Task instructions: Give the data below again exactly as written, without its pictures.

╭─ Data extract

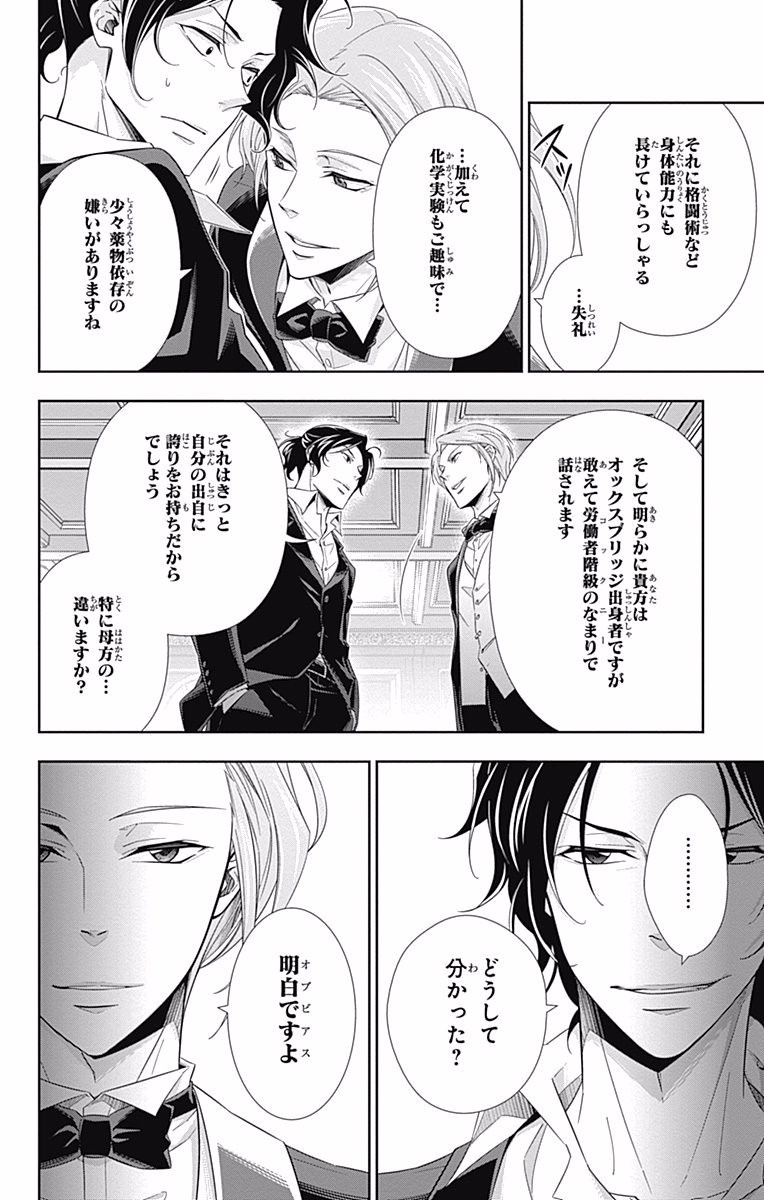 YUUKOKU NO MORIARTY - raw - Chapter 5 - https://jpdd.ccdd.to/JPDD/yuukokunomoriarty/145840/b1xofvd5jse.jpg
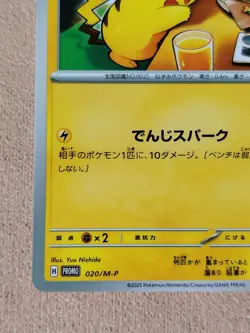 🎌 Pikachu Mcdonald's 020/M-P Card PROMO 2025 Pokemon Card Japanese McDo 🇯🇵 - Image 2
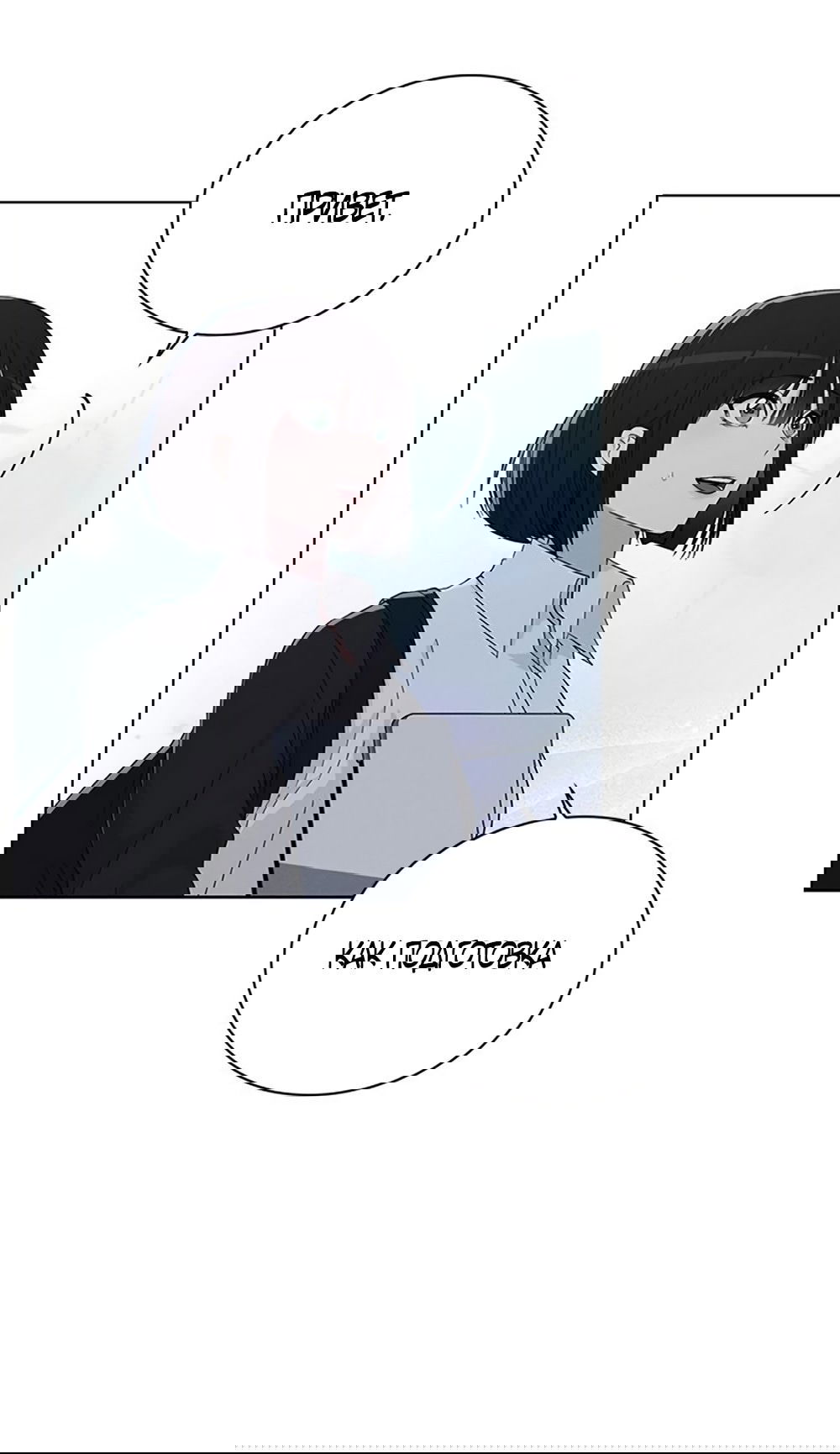 Манга Любовный ревизор - Глава 19 Страница 47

╰─

Result of this exercise:
 YUUKOKU NO MORIARTY - raw - Chapter 5 - https://jpdd.ccdd.to/JPDD/yuukokunomoriarty/145840/b1xofvd5jse.jpg
 🎌 Pikachu Mcdonald's 020/M-P Card PROMO 2025 Pokemon Card Japanese McDo 🇯🇵 - Image 2
 Манга Любовный ревизор - Глава 19 Страница 47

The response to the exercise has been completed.